▸ DATASET EXTRACT
======

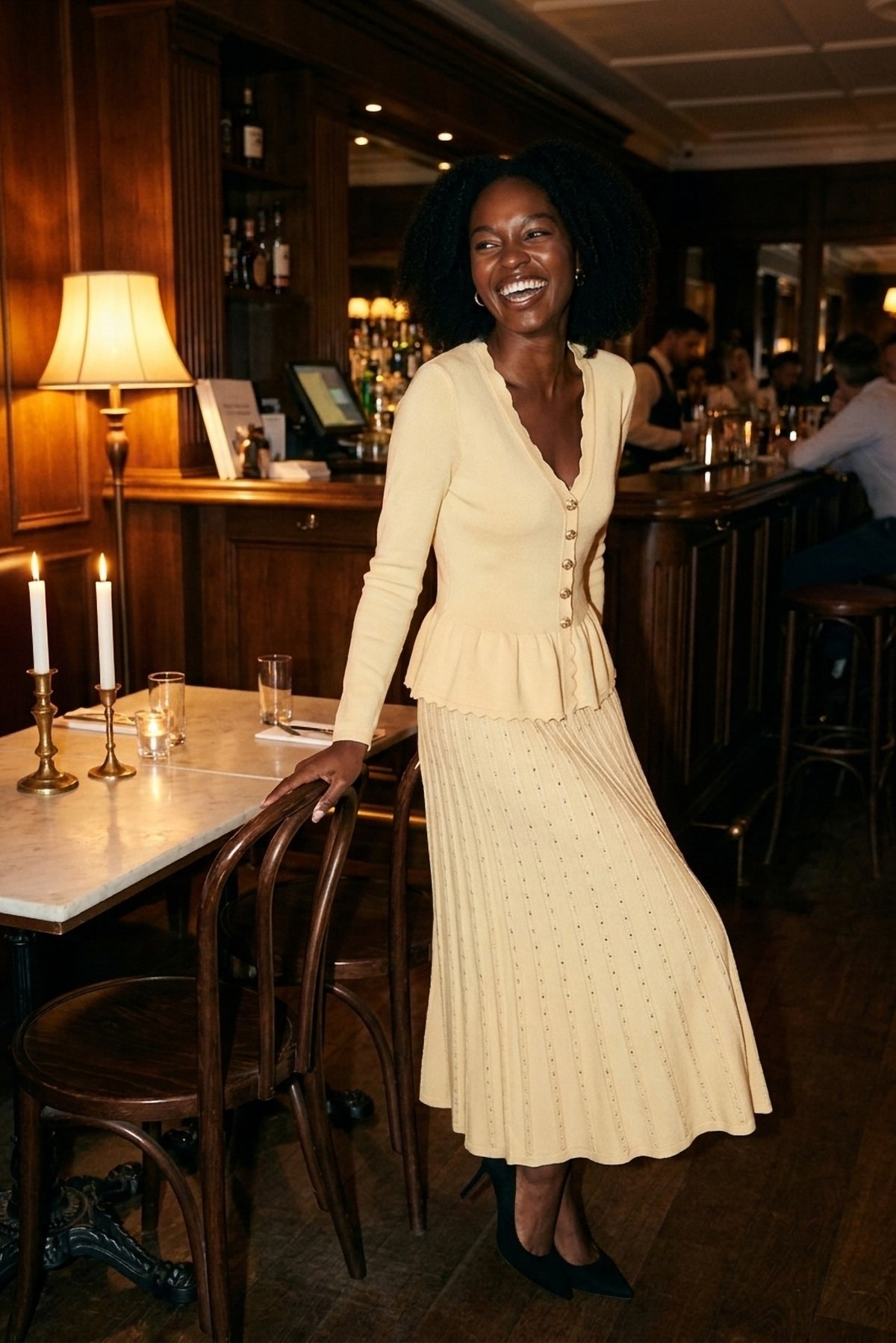 Henriette Knit Peplum Cardigan and Pleated Skirt Set worn by candlelight - The Candlelight Edit - Akalia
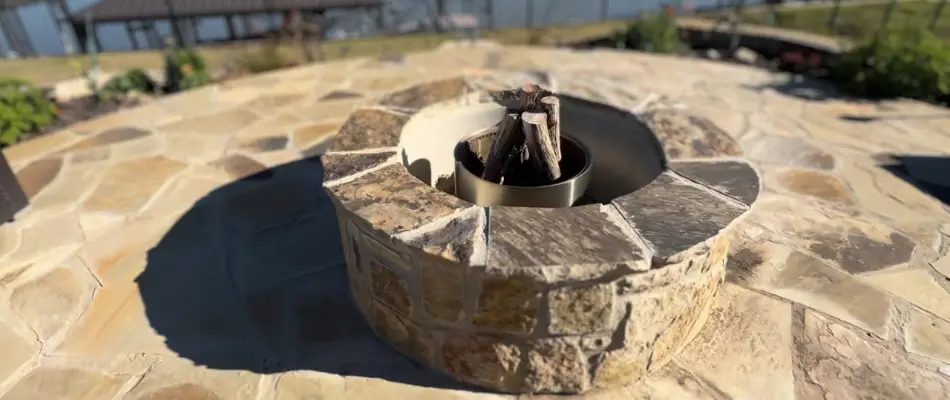 A cozy outdoor fire pit made of stone, featuring logs arranged inside, set on a stone patio overlooking a serene lake in a residential area.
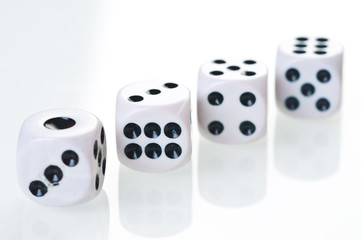 dices falling down against white background.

======

▸ WHAT TO PRODUCE
The whole listing should be reproduced exactly. Images don't go in.

▸ ANSWER TO THE PROBLEM
 Henriette Knit Peplum Cardigan and Pleated Skirt Set worn by candlelight - The Candlelight Edit - Akalia
 A cozy outdoor fire pit made of stone, featuring logs arranged inside, set on a stone patio overlooking a serene lake in a residential area.
 dices falling down against white background.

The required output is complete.